As America welcomed Donald Trump into the White House and Britain reeled from the masochism of the Brexit Referendum, Caolan Robertson sat fascinated in his flat in London’s Chelsea, transfixed by the political and cultural shifts happening in the West.

The next three years would see him take a dark plunge into the murky waters of radicalisation and the far-right’s hate, culminating in the creation of a manufactured figurehead for the cause in the form of ‘Tommy Robinson’ 2.0: a respectable freedom fighter, secretly loved by conservatives at home and abroad. 
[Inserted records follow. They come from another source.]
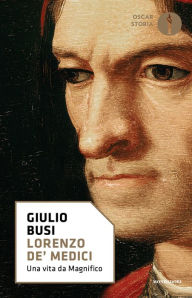 Title: Lorenzo de' Medici, Author: Giulio Busi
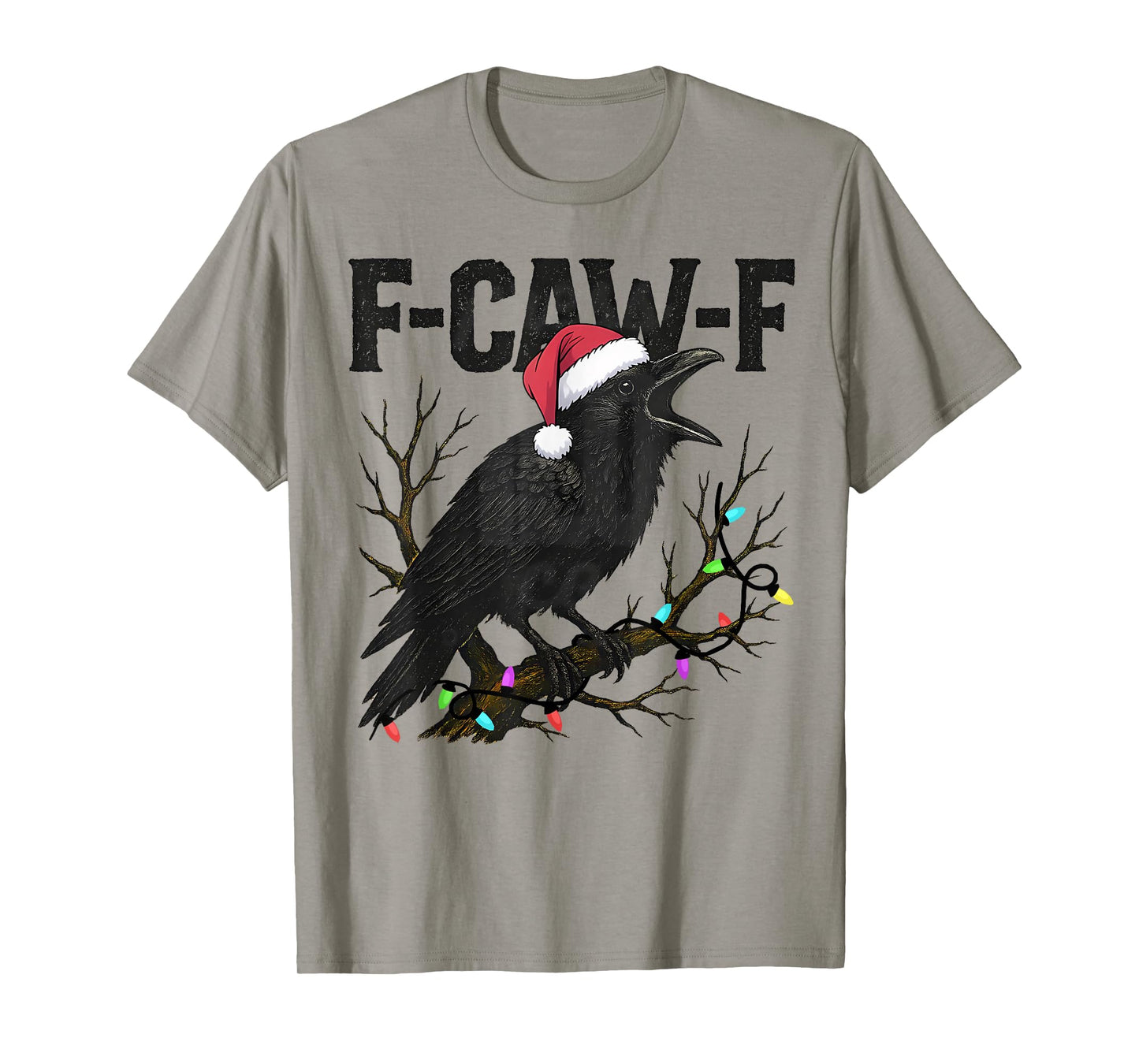 F-Caw-F Black Crow Pun Funny Bird Cawing Grunge Christmas T-Shirt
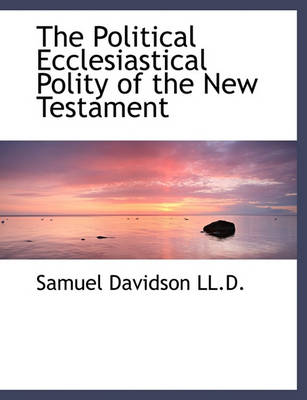 Book cover for The Political Ecclesiastical Polity of the New Testament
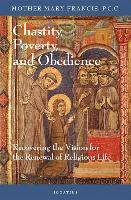 Chastity, Poverty, and Obedience: Recovering the Vision for the Renewal of Religious Life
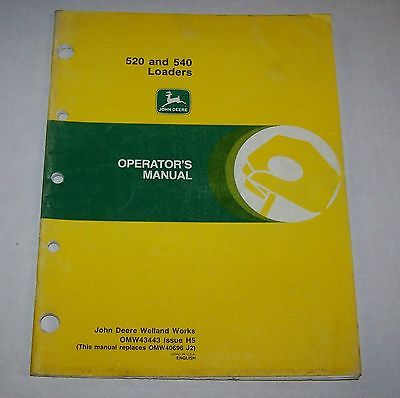John Deere 520 540 Farm Loader Operators Manual OMW43443 H5  Used  B3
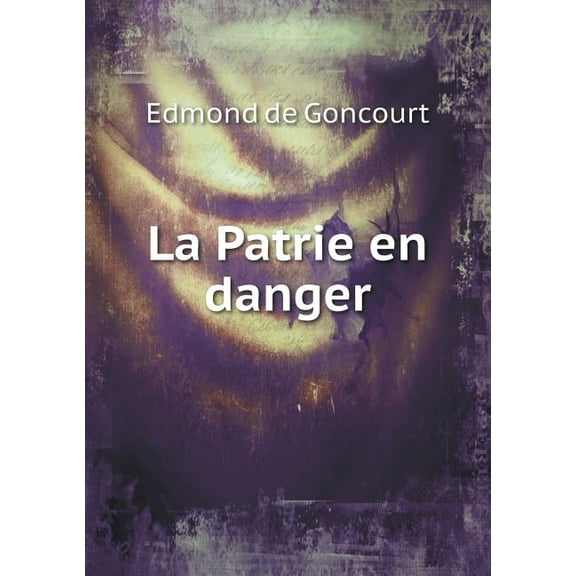 La Patrie en danger (Paperback)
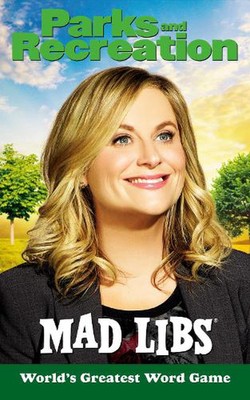 Parks and Recreation Mad Libs: World's Greatest Word Game by Alexandra L. Wolfe 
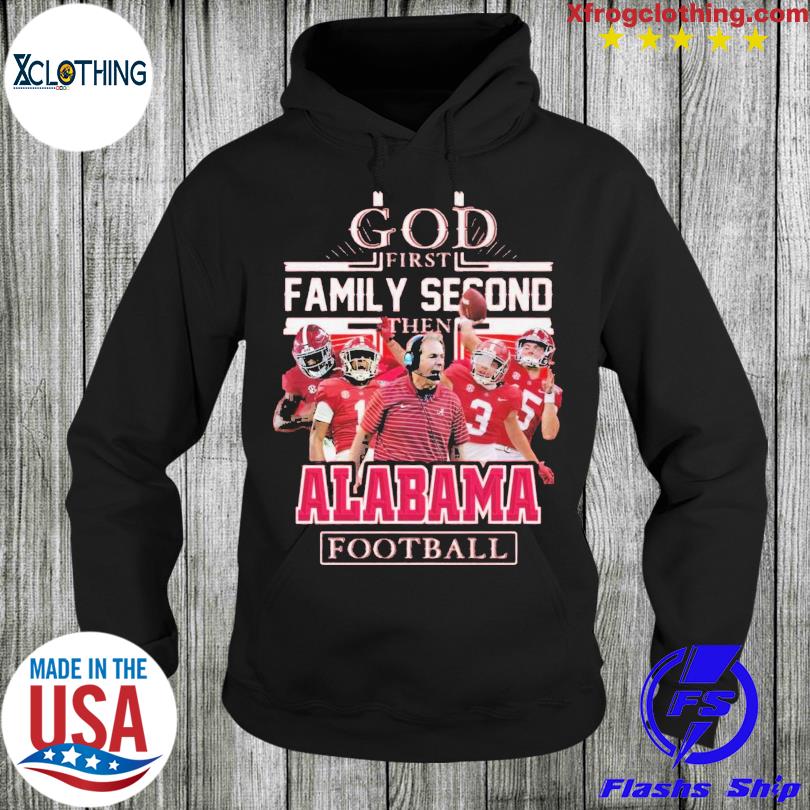 God First Family Second Then Alabama Football T-shirt - Shibtee Clothing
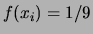 $ f(x_i)=1/9$
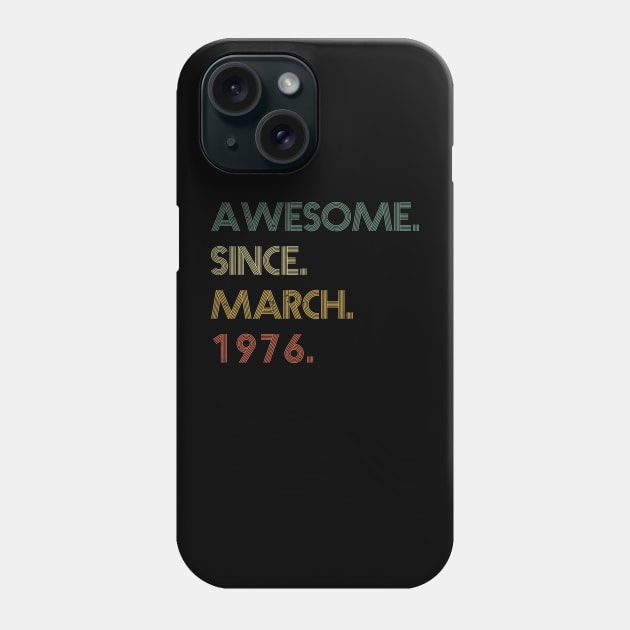 Awesome Since March 1976 Phone Case by potch94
Their first meeting, however, had an innocence about it, Robertson tells Byline Times

In early 2017, Tommy Robinson – whose real name is Stephen Yaxley-Lennon –turned up at the then 23-year-old’s door for an interview for his new online newspaper The New Brit. Into PR and marketing and interested in alt-right ideas and the culture war, Robertson says he was struck by how “humble” and “really sweet” Robinson seemed to be.

A strange alliance was forged between the young, gay Chelsea campaigner and the right-wing Luton street protestor.

At that point, Robertson lived a vastly different life from the English Defence League founder, who was primarily known as a kind of street protestor – a far cry from the internationally known figure on the far-right which Robertson says he helped create. 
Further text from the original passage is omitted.